Stadion to bowiem bardzo droga inwestycja (szacunkowy koszt to 60 - 80 milionów złotych), nie do końca też było wiadomo, czy miasto zdecyduje się na budowę nowego obiektu w miejscu dotychczasowego stadionu, czy też zainwestuje w nowej lokalizacji.
Tymczasem na ostatniej sesji radni zgodzili się na przejęcie od Agencji Nieruchomości Rolnych terenu przy ulicy Północnej o powierzchni 6,8 hektara. Miasto otrzyma go bezpłatnie, ale z tym zastrzeżeniem, że może być wykorzystany tylko na cele publiczne.
Teren pod stadion to część strefy ekonomicznej. Ratusz chce to niebawem zmienić
- One nie są jeszcze zdefiniowane, ale uznaliśmy, że w tej części miasta warto mieć taki teren - mówi Maciej Wujec, zastępca prezydenta Opola.
Nieoficjalnie słyszymy w ratuszu, że właśnie teren na ul. Północnej jest szykowany pod budowę stadionu.
Za tą lokalizacją przemawia m.in. fakt, że w pobliżu działa od kilku lat piłkarskie centrum treningowe, w którym trenuje m.in. Odra Opola. Drugim atutem jest pobliska obwodnica.

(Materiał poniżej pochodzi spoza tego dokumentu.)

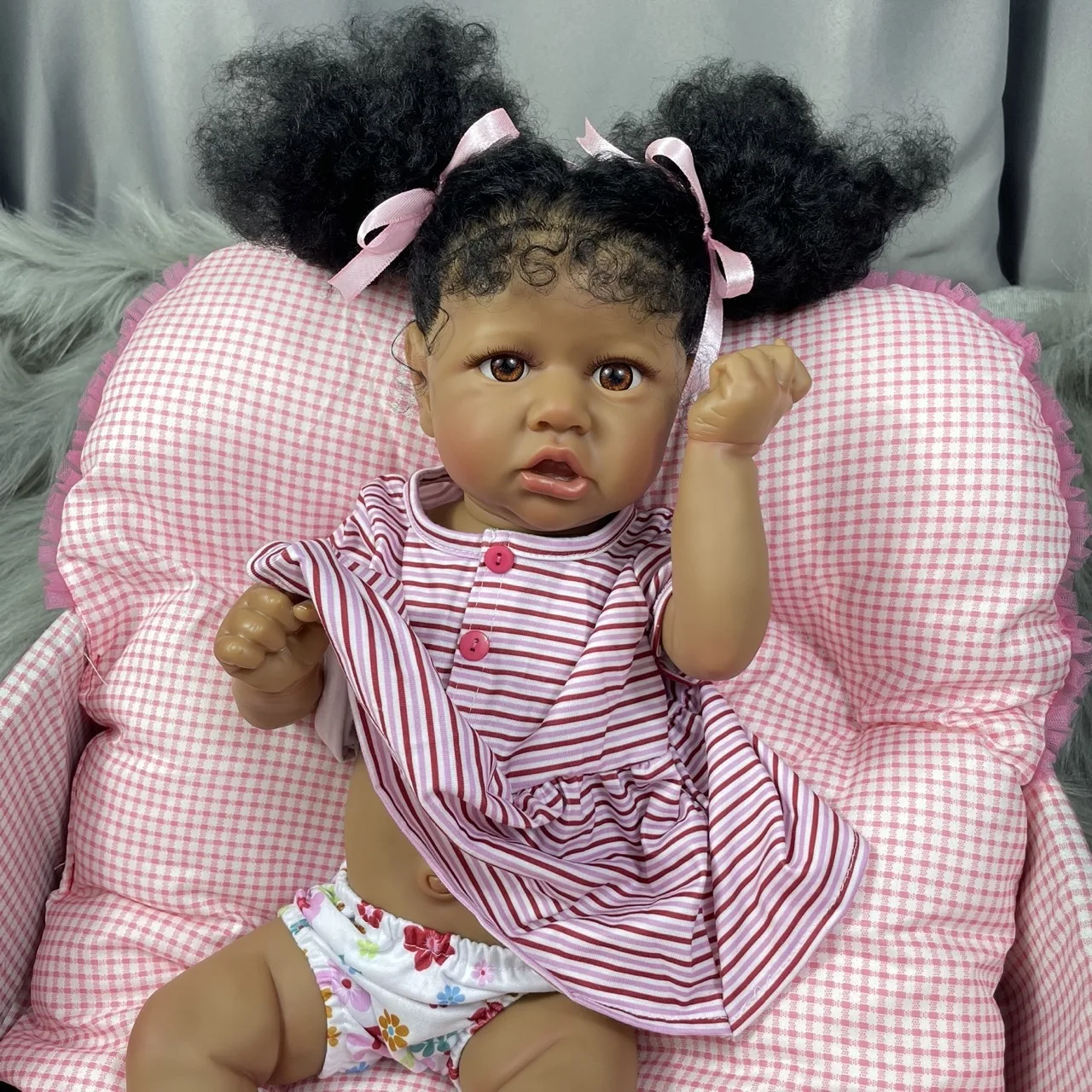 55CM Reborn Saskia African American Doll Full Vinyl Body Girl Washable Hand-rooted Hair Dark Skin Baby Doll For Kids Gift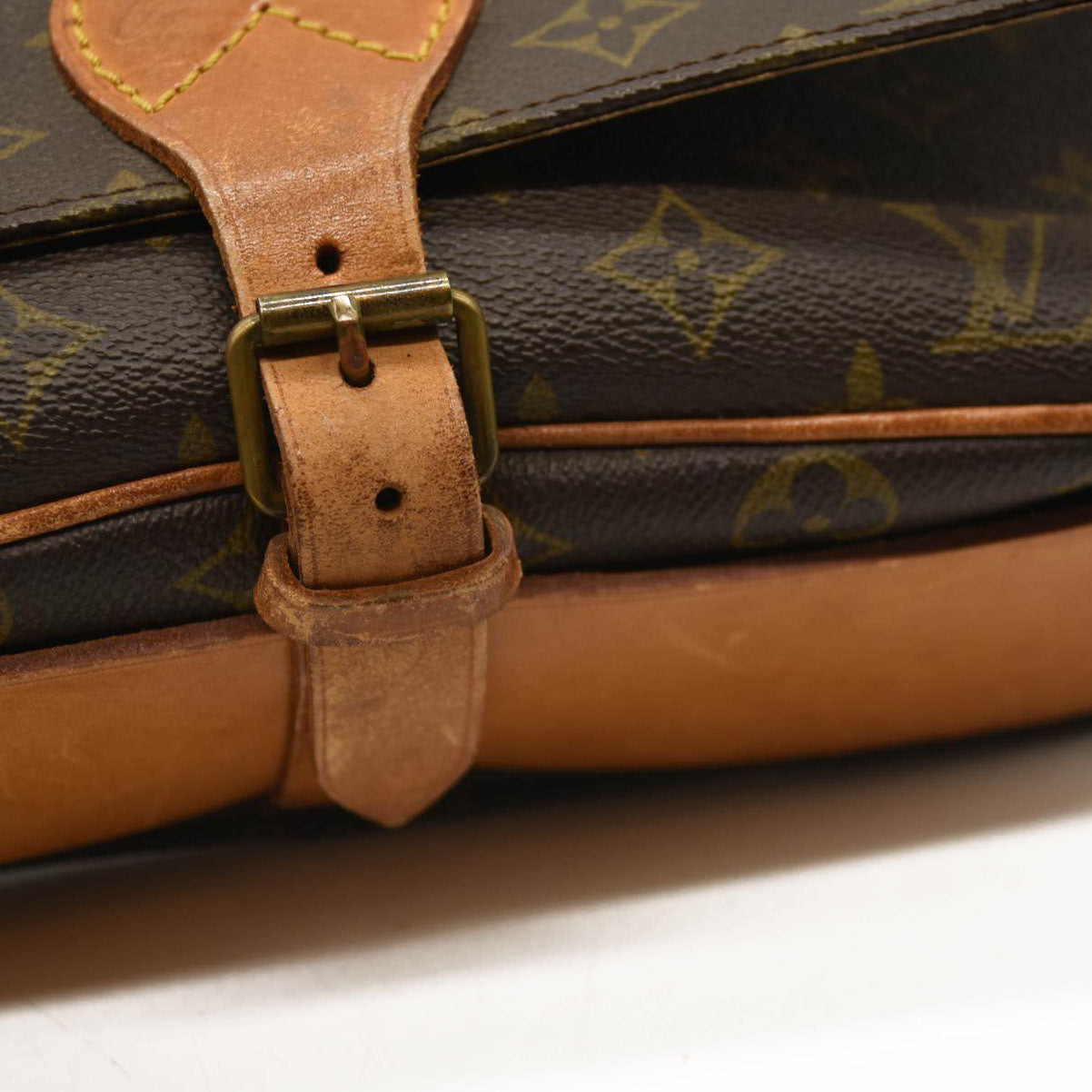 LOUIS VUITTON Monogram Cartouchiere 26 843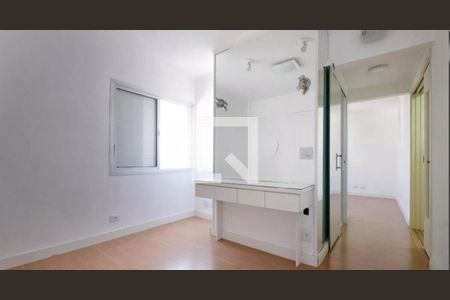 Apartamento à venda com 97m², 2 quartos e 1 vaga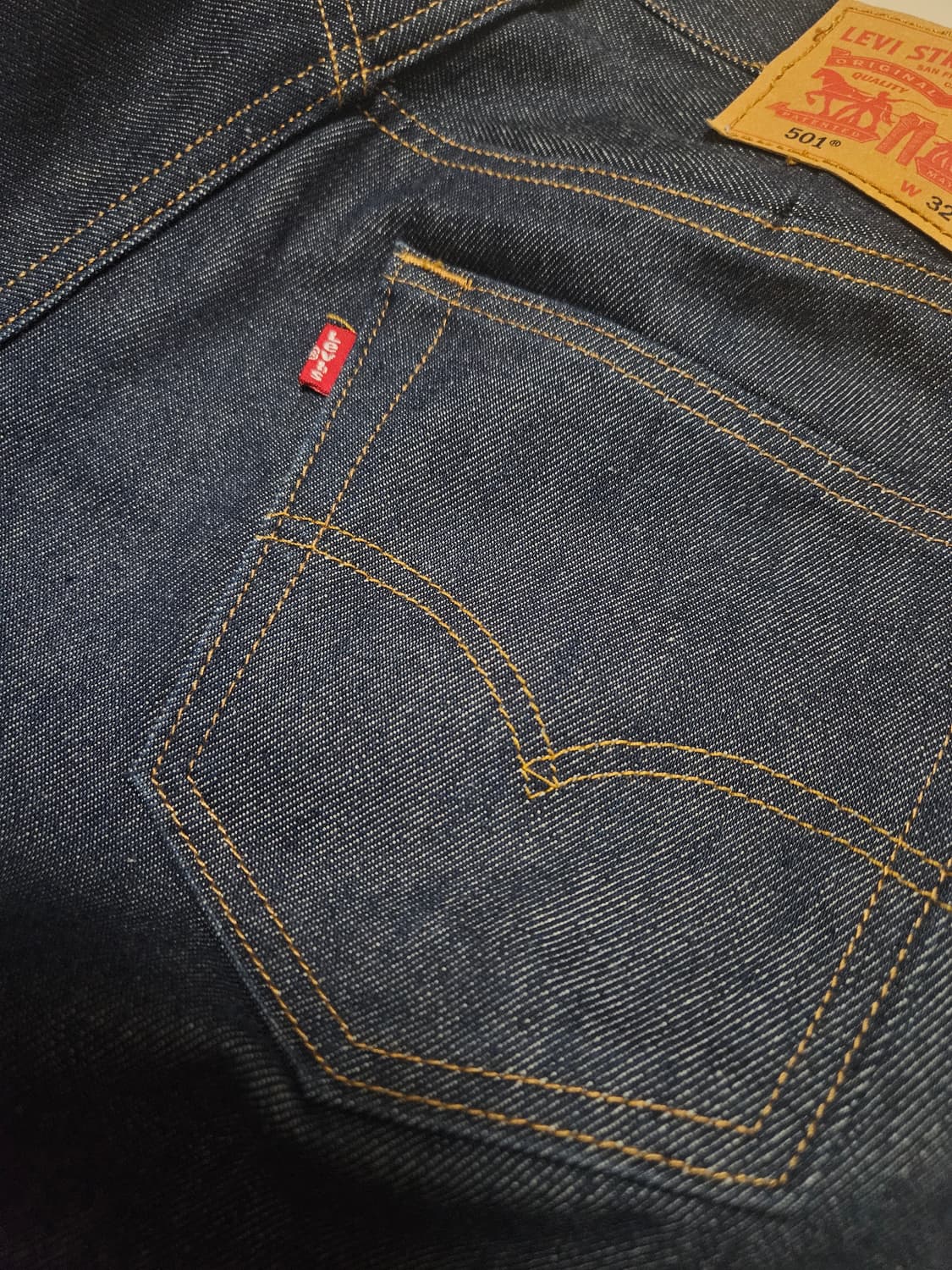 리바이스 501 생지 데님 팬츠 32x32 (스트레이트핏) 상품이미지3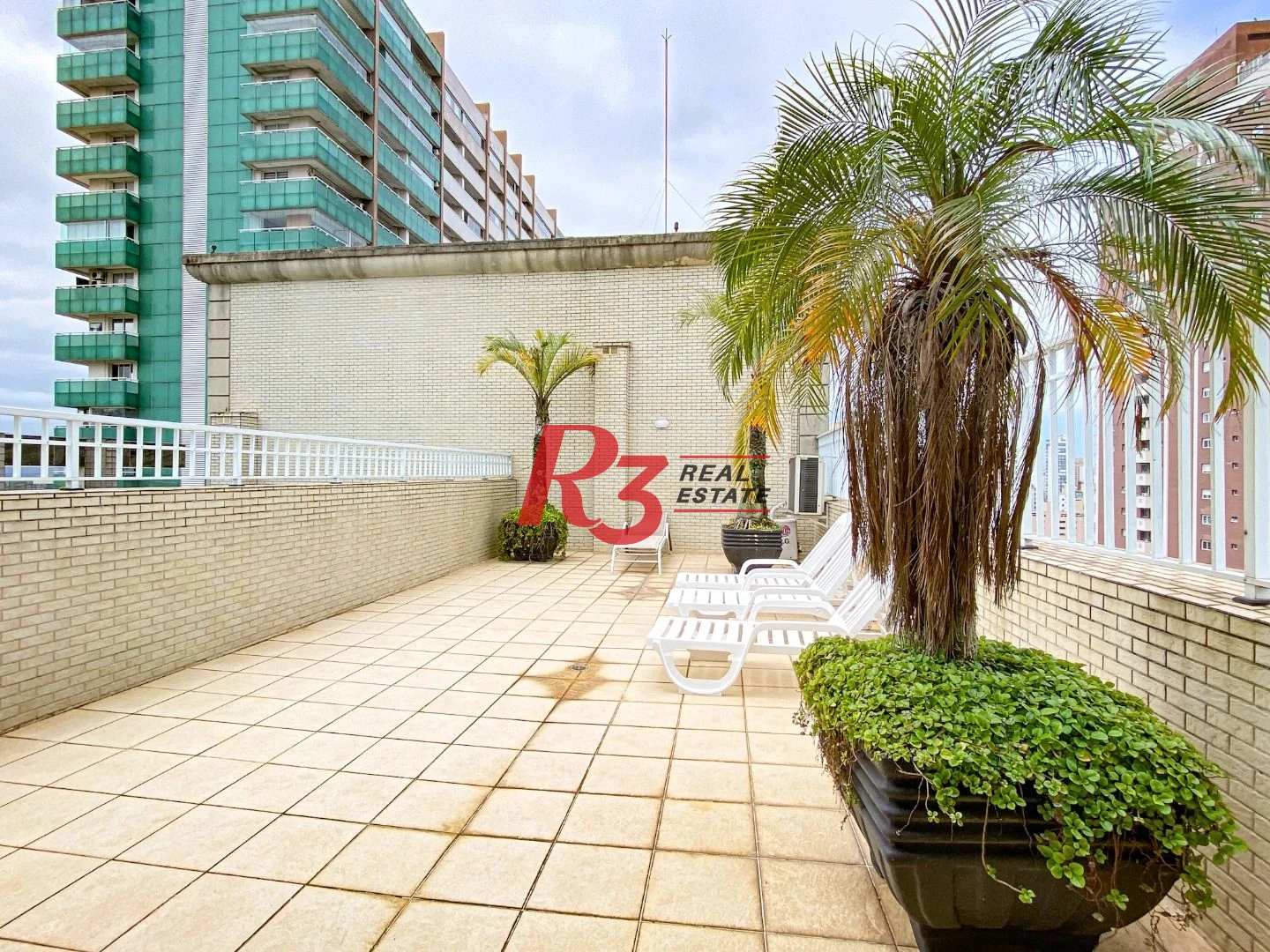 Cobertura com 4 dormitórios à venda, 430 m² por R$ 5.000.000 no Boqueirão em Santos/SP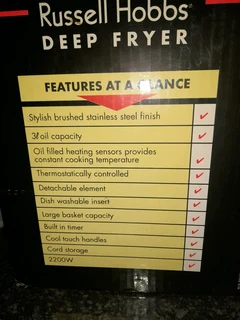 Russell Hobbs 3litre deep fryer 76June24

- Ostatecznej decyzji nie ma, ale niedawno prezydent powołał specjalny zespół, który ma mu pomóc w sprawie stadionu - zdradza jeden z urzędników.
W skład zespołu wszedł m.in. wiceprezydent Marcin Rol, Tomasz Garbowski ( prezes OZPN), Mirosław Śnigórski (przewodniczący rady sportu) i Szymon Janus, przedstawiciel stowarzyszenia Jedna Odra.
- Miasto potrzebuje nowoczesnego stadionu, szczególnie biorąc pod uwagę, że niedługo będziemy ostatnim województwem w Polsce gdzie nie ma, albo nie buduje się takiego obiektu - mówi Janus. - Teren przy Oleskiej jest za mały na budowę nowoczesnego obiektu, trzeba szukać nowego miejsca. Oczywiście nie należy budować wielkiego stadionu, obiekt powinien pomieścić od 12 do 15 tysięcy widzów - dodaje Janus.
Nie ma szans, aby inwestycja zaczęła się w tej kadencji, ale prezydent deklarował, że w 2019 roku budowa wystartuje. To oznacza, że Odra Opole jeszcze długo będzie grać na starym obiekcie, na którym brakuje dobrego oświetlenia.
Na razie dwa przetargi na jego wykonanie unieważniono. Niebawem ma być ogłoszony trzeci. Brak świateł oznacza, że w przyszłym roku piłkarze będą musieli grać wyłącznie poza Opolem.